While much of the dialogue between John Adams and his wife, Abigail, is drawn from their real-life letters to each other, Abigail’s famous words “Remember the ladies” — urging her husband not to forget about women in creating a framework for a new nation — didn’t appear in the show.

So the team got permission from the Edwards and Stone estates to integrate her quotation into “1776″ for the first time. “Abigail Adams said in March 1776, ‘All men would be tyrants if they could’ unless you ‘remember the ladies,’ ” Paulus says. “And I just thought, oh my God, that’s staggering given what’s going on right now with the Supreme Court.”

As for that other musical about the Founding Fathers set during the Revolutionary period, creator Lin-Manuel Miranda has acknowledged the debt “Hamilton” owes to “1776″ by making the founders “accessible” and “human.” And “Hamilton” no doubt blazed a trail for shows like “1776″ to cast people who don’t look like the founders and to “hold a mirror up to what the world is today,” Lucas-Perry says.

Advertisement



In the lead-up to the blistering second-act song “Molasses to Rum,” Adams argues slavery is “an offense against man and God,” Jefferson says it must be abolished, and Rutledge defends it as “a cherished way of life” while calling out Jefferson’s hypocrisy as a slave owner and the North’s in perpetuating slavery for economic gain.

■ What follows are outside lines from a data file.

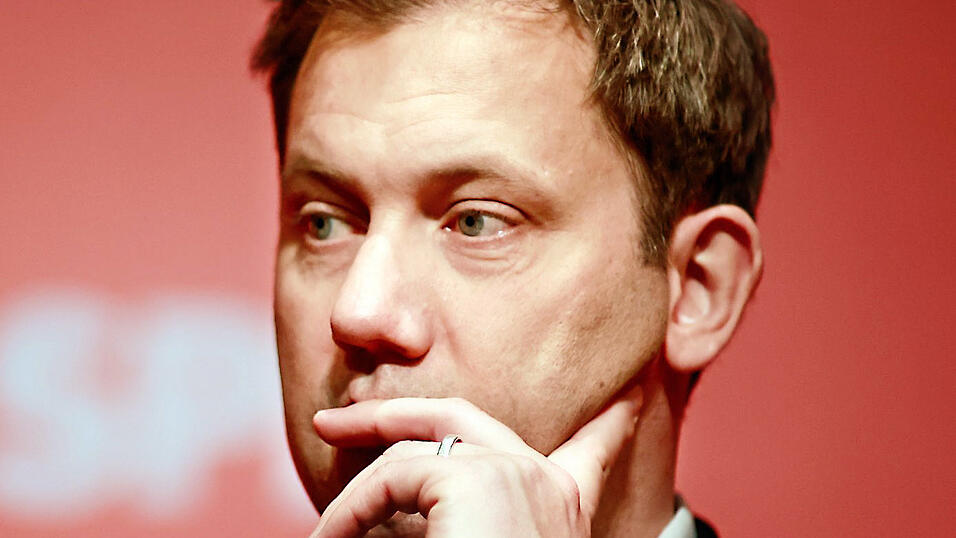 Lars Klingbeil ist seit Dezember 2021 Co-Vorsitzender der SPD. Nach der Neuwahl und der Regierungspostenbesetzung übten einige Parteimitglieder scharfe Kritik an dem 47-Jährigen. Lars Klingbeil ist seit Dezember 2021 Co-Vorsitzender der SPD. Nach der Neuwahl und der Regierungspostenbesetzung übten einige Parteimitglieder scharfe Kritik an dem 47-Jährigen.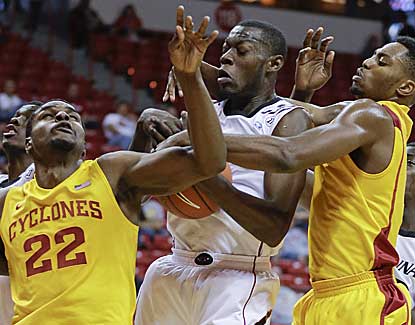 Cincinnati's Justin Jackson grabs a rebound from ISU's Anthony Booker, left, and Melvin Ejim. (AP)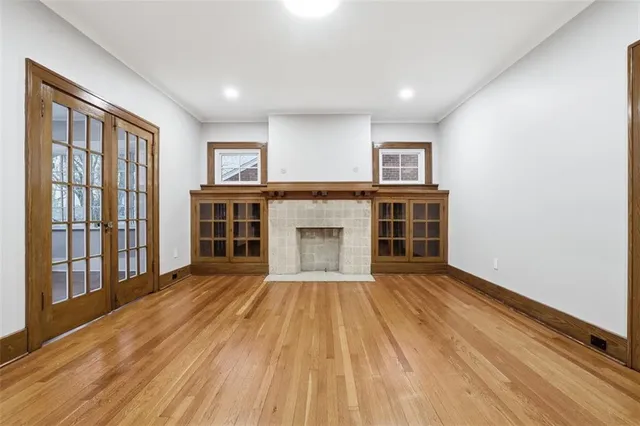 $2,200 | 218 Academy Avenue, Pittsburgh, PA 15228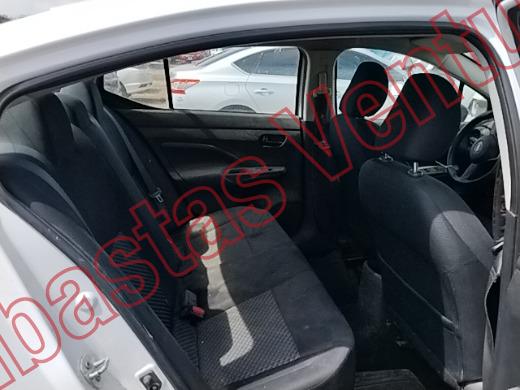 NISSAN VERSA 2023, foto 13 de 19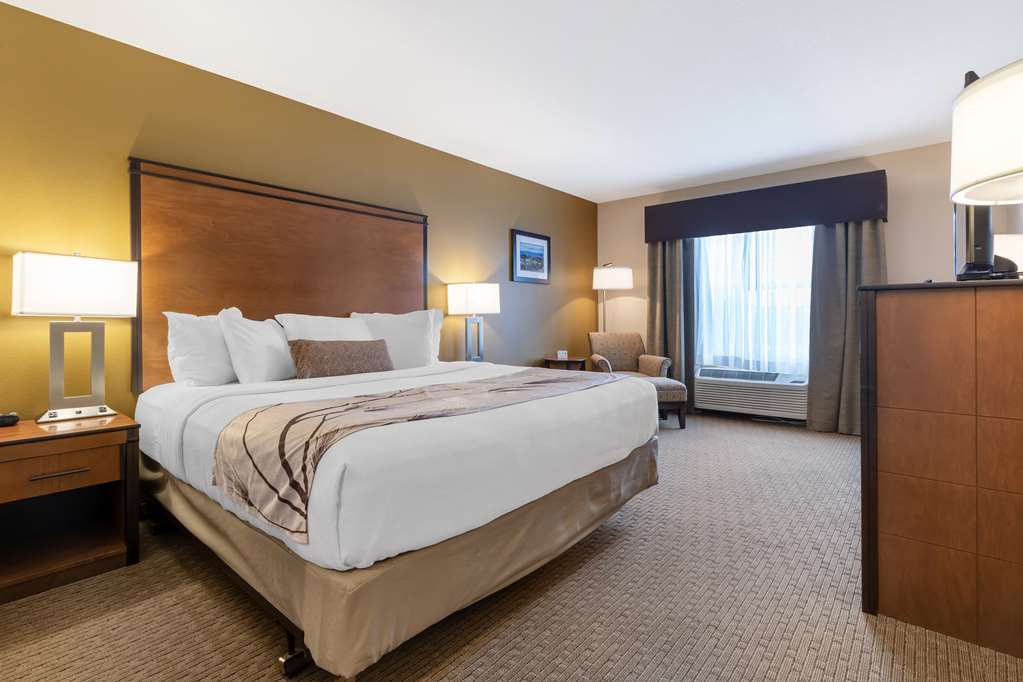 Best Western Bend North - photo 22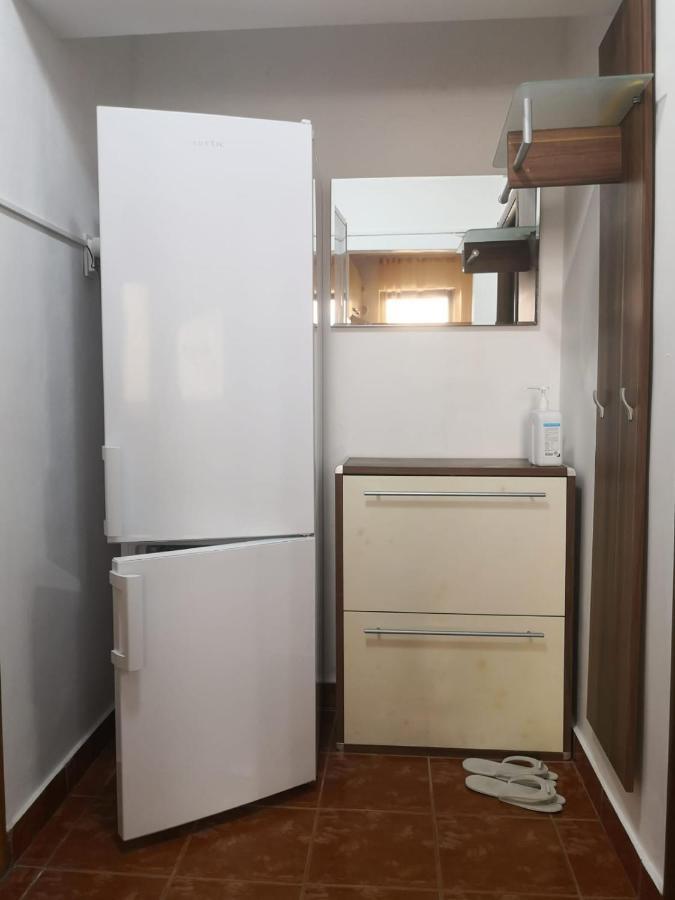 Apartament Cu Doua Camere Târgu Jiu Exteriér fotografie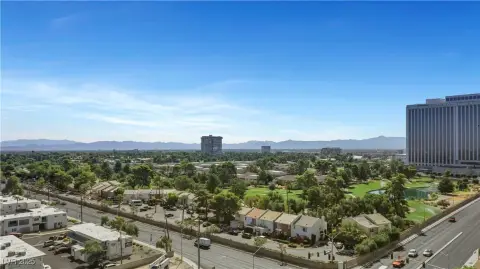 Las Vegas High-Rise Residence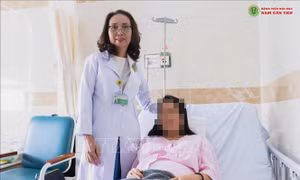 Cứu sống mẹ con sản phụ bị nhau bong non thể nặng hiếm gặp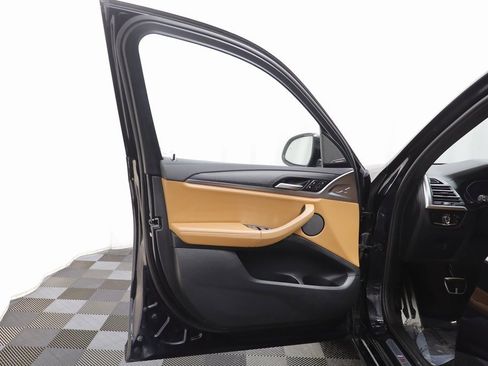 Certified 2023 BMW X3 xDrive30i w/ M Sport Package image 4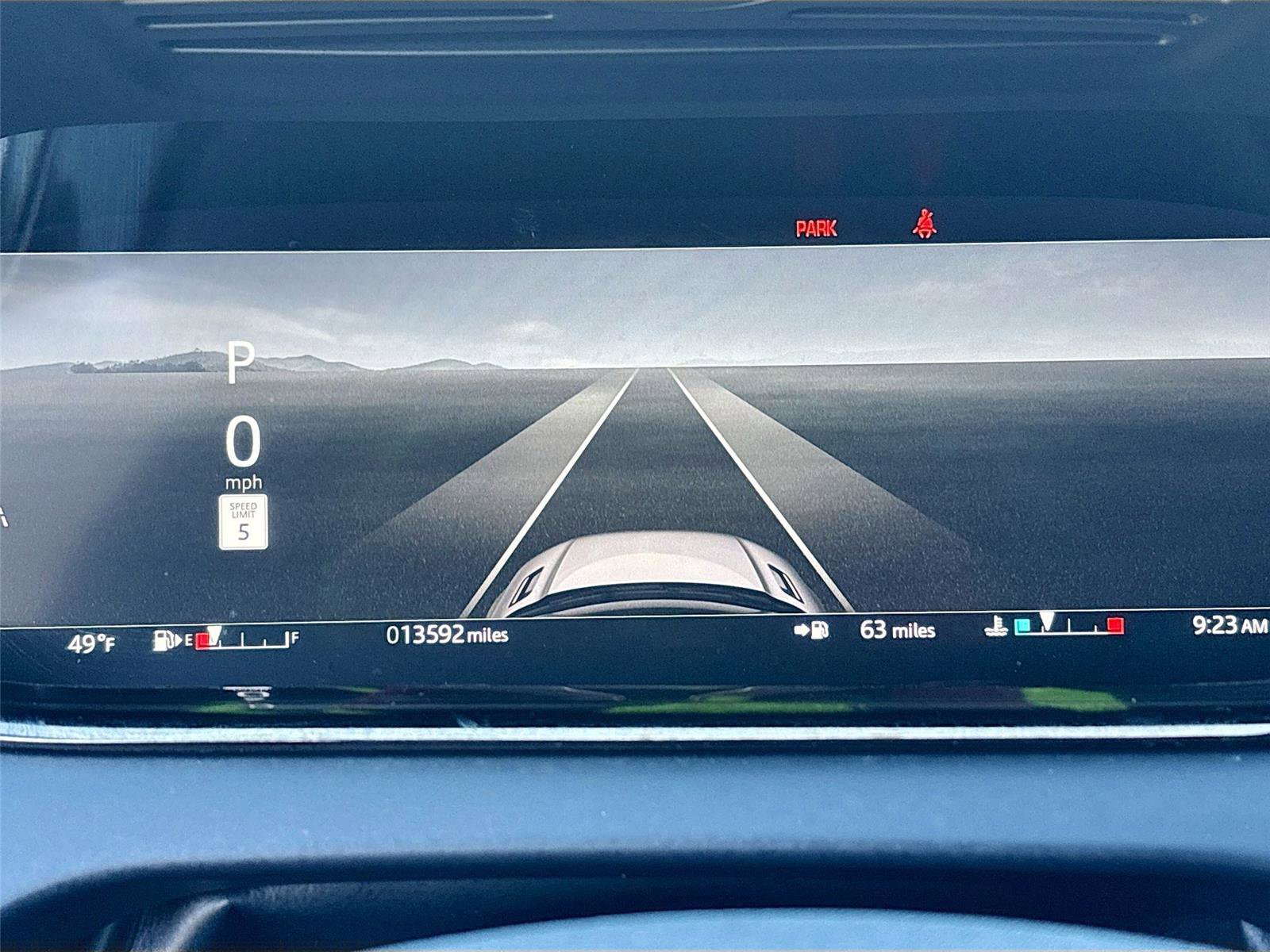 Used 2024 Land Rover Range Rover Evoque Dynamic SE image 12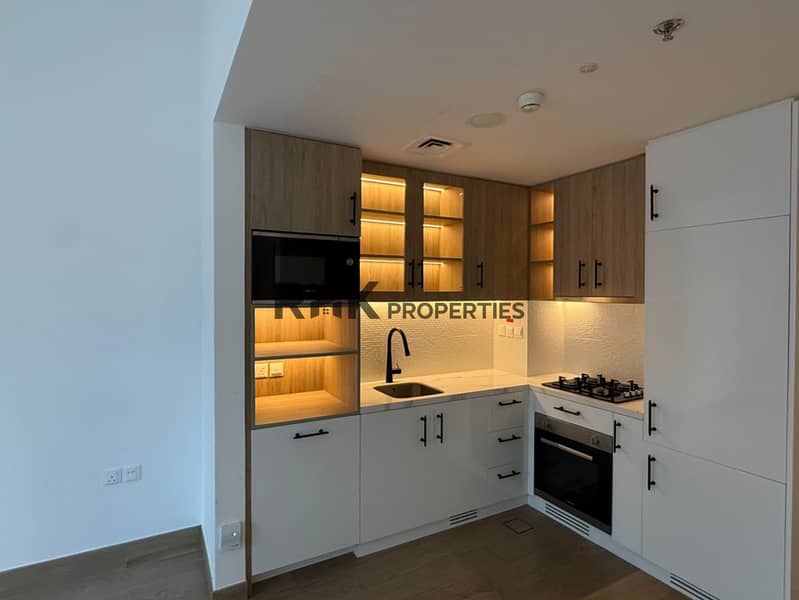 8 Fitted kitchen in 1 bedroom apartment for rent in Town Square Dubai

When Rutledge scoffs at the assertion that enslaved Blacks are Americans, Lucas-Perry as John Adams responds, “They are! They’re people and they’re here — if there’s any other requirement I’ve never heard of it.”

“In that moment, I’m speaking as John Adams for those Africans, but I’m also speaking for myself as Crystal. Every night I say those lines, I’m going to be reaffirming my place not only as a character fighting for the rights of other humans to life, liberty, and the pursuit of happiness, but I’m also going to be cementing my own existence and that of my ancestors into the fabric of this nation.”

1776

Presented by the American Repertory Theater. At Loeb Drama Center, Cambridge, May 17-July 24. Tickets from $25. 617-547-8300, www.americanrepertorytheater.org

Christopher Wallenberg can be reached at chriswallenberg@gmail.com.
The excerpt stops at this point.